As an amateur software developer (I'm still in academia) I've written a few schemas for XML documents. I routinely run into design flubs that cause ugly-looking XML documents because I'm not entirely certain what the semantics of XML exactly are.

My assumptions:

<property> value </property>

property = value

<property attribute="attval"> value </property>

A property with a special descriptor, the attribute.

<parent>
  <child> value </child>
</parent>

The parent has a characteristic "child" which has the value "value."

<tag />

"Tag" is a flag or it directly translates to text. I'm not sure on this one.

<parent>
  <child />
</parent>

"child" describes "parent." "child" is a flag or boolean. I'm not sure on this one, either.

Ambiguity arises if you want to do something like representing cartesian coordinates:

<coordinate x="0" y="1 />

<coordinate> 0,1 </coordinate>

<coordinate> <x> 0 </x> <y> 1 </y> </coordinate>

Which one of those is most correct? I would lean towards the third based upon my current conception of XML schema design, but I really don't know.

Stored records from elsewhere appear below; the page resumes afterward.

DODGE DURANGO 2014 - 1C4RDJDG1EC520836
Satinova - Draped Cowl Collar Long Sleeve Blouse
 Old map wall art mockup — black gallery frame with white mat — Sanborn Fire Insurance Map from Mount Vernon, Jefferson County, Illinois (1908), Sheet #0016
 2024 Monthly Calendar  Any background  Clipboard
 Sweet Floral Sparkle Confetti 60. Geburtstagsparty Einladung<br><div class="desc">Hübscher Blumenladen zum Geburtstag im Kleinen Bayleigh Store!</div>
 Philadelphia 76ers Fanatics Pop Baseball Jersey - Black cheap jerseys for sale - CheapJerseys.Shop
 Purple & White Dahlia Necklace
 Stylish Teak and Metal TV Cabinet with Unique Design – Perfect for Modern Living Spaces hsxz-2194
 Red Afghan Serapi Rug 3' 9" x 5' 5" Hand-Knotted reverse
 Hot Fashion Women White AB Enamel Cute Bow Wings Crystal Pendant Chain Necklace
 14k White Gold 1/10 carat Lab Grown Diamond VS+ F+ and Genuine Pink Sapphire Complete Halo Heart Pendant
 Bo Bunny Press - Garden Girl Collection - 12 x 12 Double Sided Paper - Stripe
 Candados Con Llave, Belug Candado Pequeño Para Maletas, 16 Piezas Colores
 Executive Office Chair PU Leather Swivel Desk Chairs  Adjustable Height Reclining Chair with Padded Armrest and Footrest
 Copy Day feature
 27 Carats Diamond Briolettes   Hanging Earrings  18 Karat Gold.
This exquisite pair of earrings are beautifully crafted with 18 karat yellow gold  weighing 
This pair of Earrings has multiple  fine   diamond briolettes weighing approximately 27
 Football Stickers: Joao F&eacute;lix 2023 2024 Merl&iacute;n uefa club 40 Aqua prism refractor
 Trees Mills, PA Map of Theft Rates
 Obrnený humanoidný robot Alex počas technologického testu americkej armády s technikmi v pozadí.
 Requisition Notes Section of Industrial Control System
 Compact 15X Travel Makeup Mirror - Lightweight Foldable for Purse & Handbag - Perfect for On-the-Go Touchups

What are some resources that succinctly describe how to effectively design xml schemas?

A: 

Look at the relationships of the data you are trying to represent is the best approach that I've found.

HTH

cheers,

Rob

Rob Wells
My question is not what relationships to map to what other relationship. My question is what relationships should map to each syntactical unit of xml like tags and attributes.
evizaer
But my response is based on the fact that you should know the relationships of the entities in your data. For example, one email address per each user name.
Rob Wells
+2  A: 

XML is somewhat subjective in terms of design - I don't think there are exact guidelines for how the elements and attributes should be laid out, but I tend to go with using elements to represent 'things' and attributes to represent singular attributes/properties of them.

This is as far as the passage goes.